When they arrived for the Spark Accelerator in the fall of 2019, the group had little more than an idea and a bare-bones website. They were soon paired with an industry mentor and Nathan Buchbinder ’15 from Proscia, a successful Philadelphia-based company that works on digital pathology software. Like CAT, Proscia was also founded by undergrads in the Whiting School. Over the next nine weeks, the students learned the ins and outs of customer segmentation, identified where their product fits in the market, built their first prototype algorithm, and learned how to manage a team.
CAT was also one of two student companies to win a $5,000 Microsoft Student Acceleration Grant, made available through a partnership with FastForward U. Designed to support artificial intelligence and data science startups, the award included up to $120,000 in cloud computing credits and the opportunity to work with architects and developers at Microsoft.
The team believes its cell-counting software has the potential to save researchers hundreds of hours per year, but to prove it, the team needs to conduct more tests. During the spring semester, the students planned on starting a pilot project with five to 10 users and hope to get Johns Hopkins professors on board.
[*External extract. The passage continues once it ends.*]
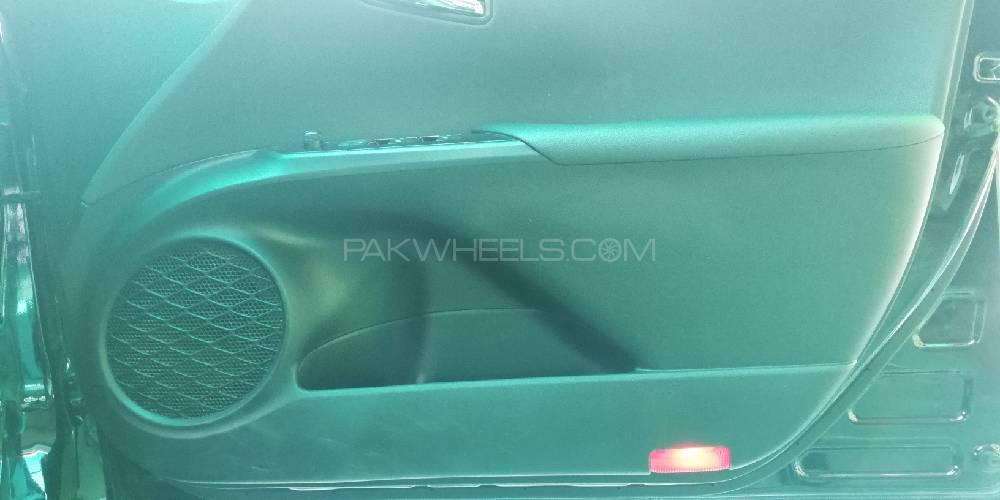 Toyota Prius 2015 for Sale in Lahore Toyota Prius 2015 for Sale in Lahore Image-5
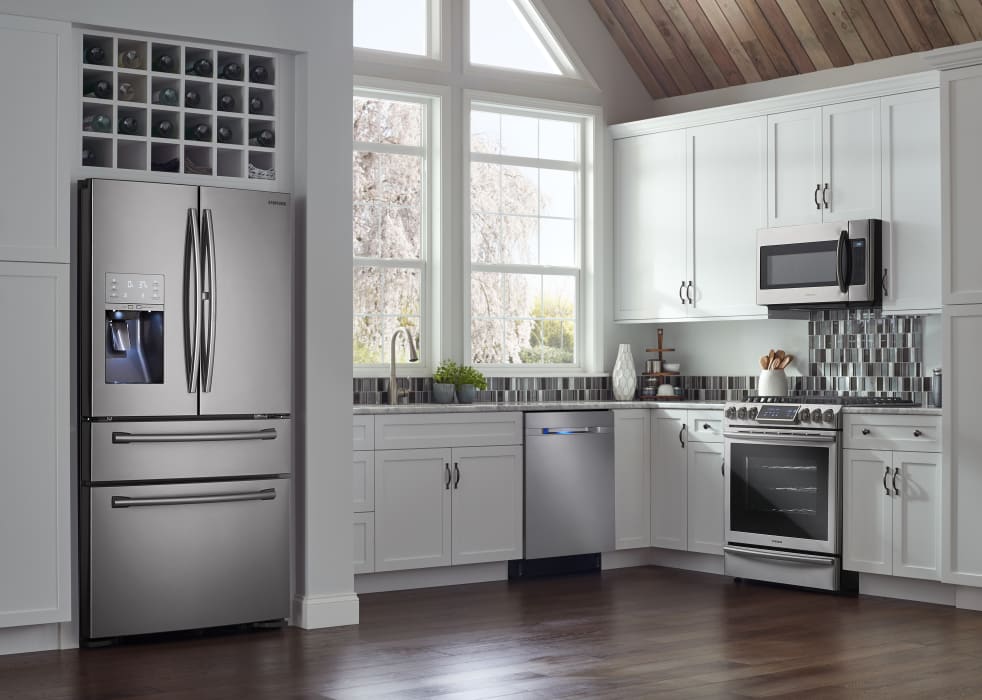 Samsung NX58H9500WS 30 Inch SlideIn Gas Range with 5.8 cu. ft. True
“The advantage of being at Hopkins is that the cancer researchers are the most famous in the field,” explains Waxman. “If we can convince them that this is a reliable tool to analyze their data, we can leverage that information to convince other researchers.”
He says CAT’s decision to participate in the Accelerator twice was less about gaining more business skills and more about community.
“When you’re in the Accelerator, you’re with all the other entrepreneurs on campus. You have a whole bunch of people rooting for you. Having that network is really important for us.”